As the artificial intelligence (AI) revolution continues to progress, it is important to consider which stocks are best positioned to take advantage of it. One investor who is well-known for her focus on innovation is Cathie Wood, CEO of ARK Invest. Earlier this year, ARK Invest predicted that AI software could generate up to $14 trillion in revenue by 2030 if it captures just 10% of the expected productivity gains it’s expected to produce.
In the past week, ARK Invest’s exchange-traded funds (ETFs) have been purchasing shares of top AI stocks and trimming others. Two stocks that ARK Invest’s ETFs have recently been buying hand over fist are discussed below.
On June 1, The ARK Next Generation Internet ETF and the ARK Fintech Innovation ETF acquired shares of cybersecurity company CrowdStrike Holdings (NASDAQ: CRWD). Although primarily a cybersecurity company, CrowdStrike has been using AI to detect threats to its clients for a while now.
The value of AI applications generally increases with the amount of data fed to them. CrowdStrike has access to vast amounts of data and its platform analyzes trillions of signals each week.
Wood’s purchases of CrowdStrike shares on June 1 were a bit surprising, given the stock had dropped by over 11% in after-hours trading on May 31, in reaction to the forward-looking guidance in its earnings report that suggested growth is decelerating. Despite this, the stock is still up around 46% year-to-date.
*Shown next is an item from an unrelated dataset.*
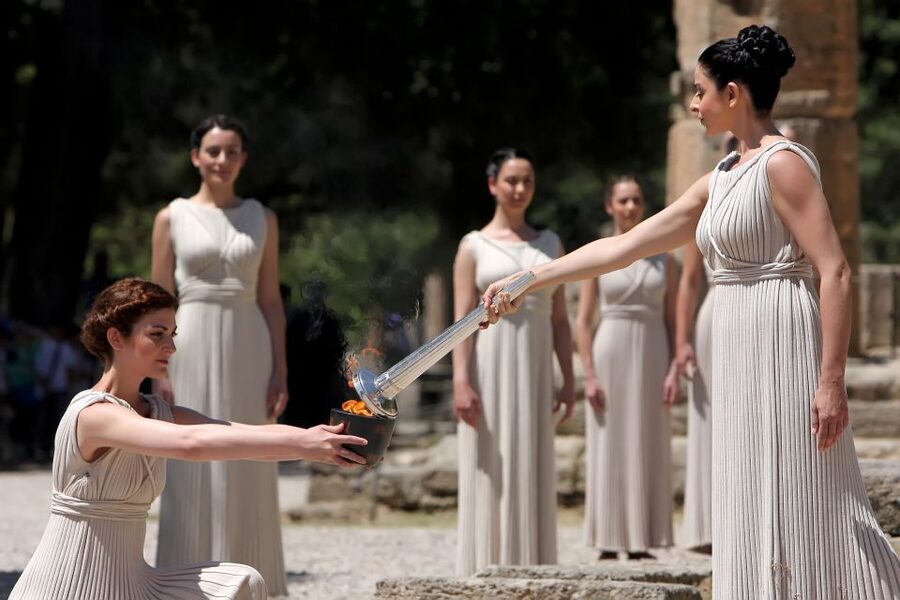 3-Day Ancient Greek Archaeological Sites Tour from Athens - Day two: Olympia, the Olympic flame, and the road to Delphi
During the first fiscal quarter that ended on April 30, CrowdStrike’s revenue increased 42% YoY, reflecting an annualized revenue of $2.77 billion. CrowdStrike has slightly raised its revenue outlook for the full fiscal year of 2024. Management now expects total revenue to be between $3.0005 billion and $3.0367 billion.
The midpoint of CrowdStrike’s forecasted range for fiscal 2024 revenue is a 35% year-over-year gain. The stock price is currently trading at around 66 times the midpoint of management’s earnings projection for fiscal 2024, making it a richly valued stock. As long as CrowdStrike’s projected growth rate persists and it maintains its leadership position in the cybersecurity market, following Wood’s lead and investing in it may be a smart move.
UiPath (NYSE: PATH), a robotic process automation (RPA) software provider, is another stock that Wood’s ETFs can’t seem to buy enough of lately. Six of Ark Invest’s funds acquired UiPath shares on May 25 and 26.
Since its establishment in 2005, UiPath has been using AI to become a leader in the RPA industry. The new UiPath release includes an OpenAI connector that enables developers to access the famous GPT-3 model used by ChatGPT.
UiPath’s customers mainly use its platform to automate repetitive tasks, enabling them to free up employees from such mundane tasks, or even dismiss them entirely. Despite a soft period for software-based services, demand for UiPath has remained strong. During its first fiscal quarter that ended on April 30, UiPath reported a 122% dollar-based net-retention rate.
UiPath has been trading at around 63 times the management’s expectation for adjusted earnings this year, which is a high multiple. However, from now through 2030, the RPA market is expected to grow by 39.9% annually, according to Grand View Research. This statistic highlights UiPath’s potential to overcome its valuation and provide market-beating gains. Diversifying your portfolio by investing in UiPath stock now might be a wise decision.